Conforme divulgado pelo G1, João Junior afirmou que, um dia antes do ataque, a professora lhe presenteou com um doce de amendoim, acompanhado da faca, que foi utilizada no crime na noite desta sexta-feira, 6, na instituição.
Conforme o registro policial, a professora foi atingida por golpes de faca na região torácica, com duas perfurações nos seios, além de uma laceração no braço direito. A arma foi localizada na sala de aula e apreendida pela polícia.
Imagens feitas por pessoas que estavam na faculdade mostram Juliana ainda com vida, cercada por alunos logo após o ataque. Ela chegou a ser socorrida e levada ao Hospital João Paulo II, mas morreu antes de dar entrada na unidade.
Segundo divulgado pelo G1, em depoimento à polícia, João Junior alegou que manteve um relacionamento amoroso com a vítima e ficou “emocionalmente abalado” ao perceber o afastamento dela e ao descobrir que Juliana havia retomado contato com o ex-companheiro.
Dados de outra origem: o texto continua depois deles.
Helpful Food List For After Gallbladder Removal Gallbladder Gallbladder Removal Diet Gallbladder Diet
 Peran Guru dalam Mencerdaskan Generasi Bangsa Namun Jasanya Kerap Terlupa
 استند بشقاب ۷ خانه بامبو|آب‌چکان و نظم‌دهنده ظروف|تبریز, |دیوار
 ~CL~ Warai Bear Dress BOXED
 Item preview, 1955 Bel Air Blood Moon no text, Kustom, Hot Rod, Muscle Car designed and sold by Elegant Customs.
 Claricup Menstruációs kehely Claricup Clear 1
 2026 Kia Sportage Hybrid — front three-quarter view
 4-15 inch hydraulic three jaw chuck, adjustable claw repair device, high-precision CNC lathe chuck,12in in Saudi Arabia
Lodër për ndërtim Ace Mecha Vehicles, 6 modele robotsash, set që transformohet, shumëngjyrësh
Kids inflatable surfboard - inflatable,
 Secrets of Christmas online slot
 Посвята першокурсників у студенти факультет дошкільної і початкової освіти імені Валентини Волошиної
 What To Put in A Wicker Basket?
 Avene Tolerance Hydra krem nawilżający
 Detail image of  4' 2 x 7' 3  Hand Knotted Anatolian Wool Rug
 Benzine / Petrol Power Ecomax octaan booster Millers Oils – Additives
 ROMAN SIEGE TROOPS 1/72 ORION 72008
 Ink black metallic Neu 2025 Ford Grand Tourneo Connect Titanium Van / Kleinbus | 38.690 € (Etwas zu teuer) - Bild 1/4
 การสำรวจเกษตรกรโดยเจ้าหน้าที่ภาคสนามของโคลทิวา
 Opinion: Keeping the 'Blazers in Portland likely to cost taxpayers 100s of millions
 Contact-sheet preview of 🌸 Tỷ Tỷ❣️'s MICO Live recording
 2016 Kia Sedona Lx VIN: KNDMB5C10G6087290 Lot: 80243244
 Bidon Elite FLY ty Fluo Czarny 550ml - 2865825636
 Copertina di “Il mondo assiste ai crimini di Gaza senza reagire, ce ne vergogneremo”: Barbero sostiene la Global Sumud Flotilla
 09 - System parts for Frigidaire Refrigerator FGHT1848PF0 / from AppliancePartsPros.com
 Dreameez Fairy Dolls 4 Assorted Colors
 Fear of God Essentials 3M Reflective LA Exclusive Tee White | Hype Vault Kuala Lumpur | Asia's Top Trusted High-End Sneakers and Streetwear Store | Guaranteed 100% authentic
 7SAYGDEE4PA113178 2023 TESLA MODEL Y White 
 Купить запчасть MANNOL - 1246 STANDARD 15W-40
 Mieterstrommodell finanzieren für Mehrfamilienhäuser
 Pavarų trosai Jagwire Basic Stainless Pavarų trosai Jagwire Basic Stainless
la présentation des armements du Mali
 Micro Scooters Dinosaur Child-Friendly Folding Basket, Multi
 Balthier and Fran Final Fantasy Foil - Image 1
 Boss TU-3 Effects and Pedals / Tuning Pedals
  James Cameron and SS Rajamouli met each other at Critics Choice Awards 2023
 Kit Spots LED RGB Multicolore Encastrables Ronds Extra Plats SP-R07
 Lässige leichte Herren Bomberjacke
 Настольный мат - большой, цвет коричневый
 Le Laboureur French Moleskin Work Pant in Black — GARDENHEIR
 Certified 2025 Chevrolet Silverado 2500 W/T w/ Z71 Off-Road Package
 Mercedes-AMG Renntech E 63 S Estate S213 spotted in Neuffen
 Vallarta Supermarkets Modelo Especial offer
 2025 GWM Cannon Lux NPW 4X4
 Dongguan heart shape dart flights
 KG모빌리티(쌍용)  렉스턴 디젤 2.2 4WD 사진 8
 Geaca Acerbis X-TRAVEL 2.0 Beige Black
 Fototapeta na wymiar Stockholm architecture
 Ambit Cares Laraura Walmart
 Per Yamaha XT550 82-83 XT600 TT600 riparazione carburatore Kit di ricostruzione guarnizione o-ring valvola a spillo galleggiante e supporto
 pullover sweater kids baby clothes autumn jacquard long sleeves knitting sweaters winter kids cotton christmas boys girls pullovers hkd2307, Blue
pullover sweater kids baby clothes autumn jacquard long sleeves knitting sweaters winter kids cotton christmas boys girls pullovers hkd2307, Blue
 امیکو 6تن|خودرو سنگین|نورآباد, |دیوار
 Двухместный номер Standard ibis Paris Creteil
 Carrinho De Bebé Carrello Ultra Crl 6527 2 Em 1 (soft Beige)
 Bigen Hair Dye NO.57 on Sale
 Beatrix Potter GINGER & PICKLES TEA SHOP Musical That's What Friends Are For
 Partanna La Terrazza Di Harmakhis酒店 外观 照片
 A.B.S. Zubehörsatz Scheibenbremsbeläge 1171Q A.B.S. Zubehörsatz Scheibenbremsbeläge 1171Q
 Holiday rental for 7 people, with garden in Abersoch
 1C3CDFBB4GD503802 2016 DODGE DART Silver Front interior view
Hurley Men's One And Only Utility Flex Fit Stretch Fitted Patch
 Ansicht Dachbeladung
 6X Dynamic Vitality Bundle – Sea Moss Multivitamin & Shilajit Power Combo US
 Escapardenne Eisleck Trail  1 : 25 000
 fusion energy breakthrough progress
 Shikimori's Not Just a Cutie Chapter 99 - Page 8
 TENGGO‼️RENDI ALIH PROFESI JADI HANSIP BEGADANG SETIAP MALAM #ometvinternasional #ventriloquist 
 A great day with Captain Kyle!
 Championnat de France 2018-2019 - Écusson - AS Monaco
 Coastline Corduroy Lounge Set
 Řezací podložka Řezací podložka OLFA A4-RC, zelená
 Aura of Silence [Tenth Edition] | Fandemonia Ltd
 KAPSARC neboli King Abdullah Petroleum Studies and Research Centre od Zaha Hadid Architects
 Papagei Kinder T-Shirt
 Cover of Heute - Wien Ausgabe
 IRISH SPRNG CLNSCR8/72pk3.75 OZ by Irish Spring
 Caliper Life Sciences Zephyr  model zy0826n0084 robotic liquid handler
Essa versão é investigada pela Polícia Civil.
O boletim de ocorrência aponta que o suspeito esperou ficar sozinho com a professora em sala de aula para discutir o relacionamento, mas disse ter sido “tomado por intensa raiva”, momento em que a atacou com diversas facadas e tentou fugir.
A fuga foi interrompida por um aluno que também é policial militar. A testemunha relatou que estava em uma sala ao lado quando ouviu gritos e o barulho de cadeiras sendo quebradas. Ao sair, viu a professora ferida e o suspeito tentando escapar. Ele perseguiu o autor, conseguiu imobilizá-lo e deu voz de prisão.
Feminicídio
Segundo a Polícia Militar, a forma como o suspeito agiu indica que o crime foi premeditado. João Junior foi preso em flagrante e encaminhado à delegacia, onde a defesa optou por não se manifestar.
A Polícia Civil investiga o caso como feminicídio. Os celulares apreendidos estão sendo analisados e testemunhas devem ser ouvidas nos próximos dias.
O Centro Universitário Aparício Carvalho (Fimca) confirmou que João Junior é aluno da instituição. O motivo do crime ainda não foi oficialmente esclarecido pelas autoridades.